Input records: Begin

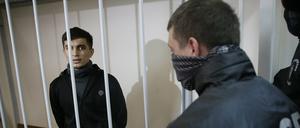 Einer der verhafteten Tschetschenen steht vor dem Haftrichter. Er soll laut dem russischen Geheimdienst FSB einen Terroranschlag in Moskau geplant haben.  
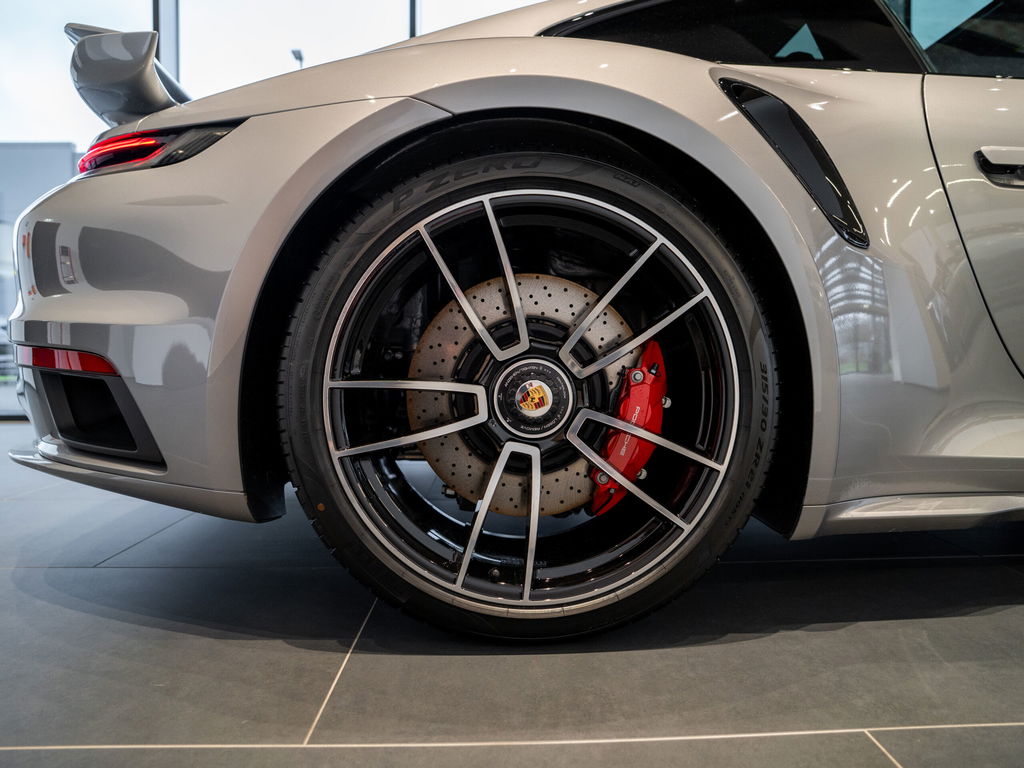 Porsche 992 Turbo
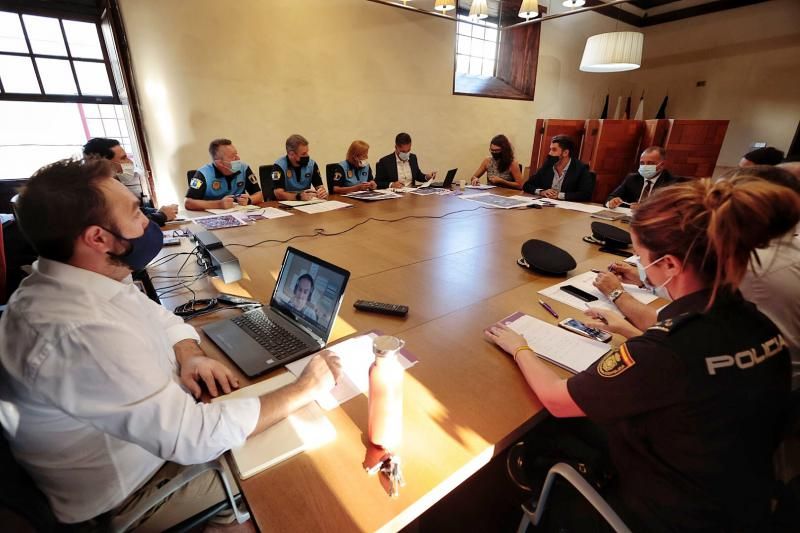 Reunión de seguridad en La Laguna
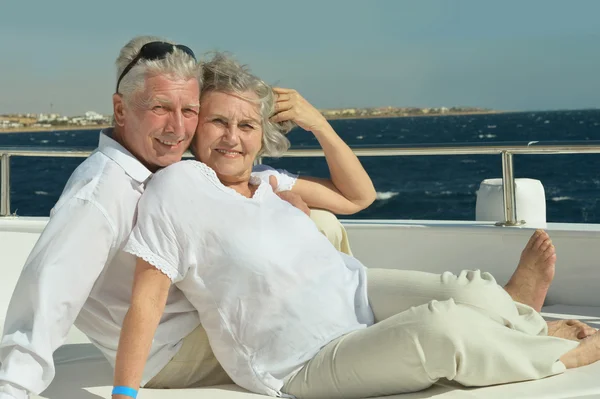 Couple aîné faisant une promenade en bateau — Photo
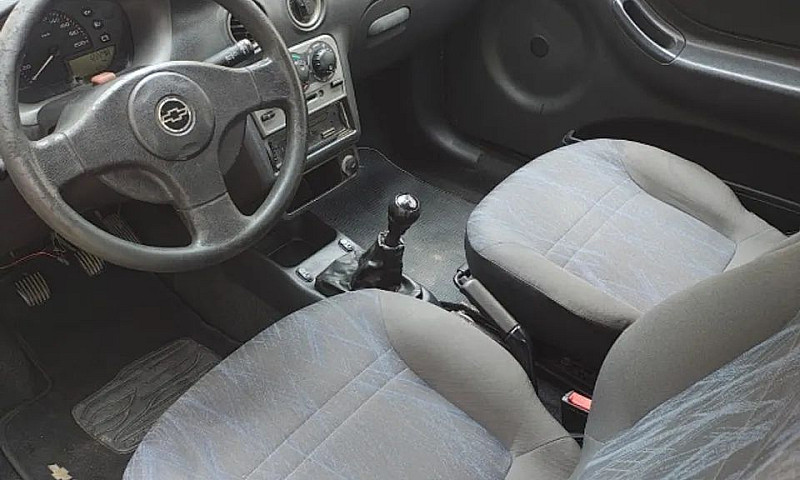 Chevrolet Celta Spir...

Input records: End

*What the exercise asks*
Where the line containing "Couple aîné faisant" appears, begin writing out the lines word for word, and continue through the last line of the data, leaving out pictures.

*Result*
 Couple aîné faisant une promenade en bateau — Photo
 Chevrolet Celta Spir...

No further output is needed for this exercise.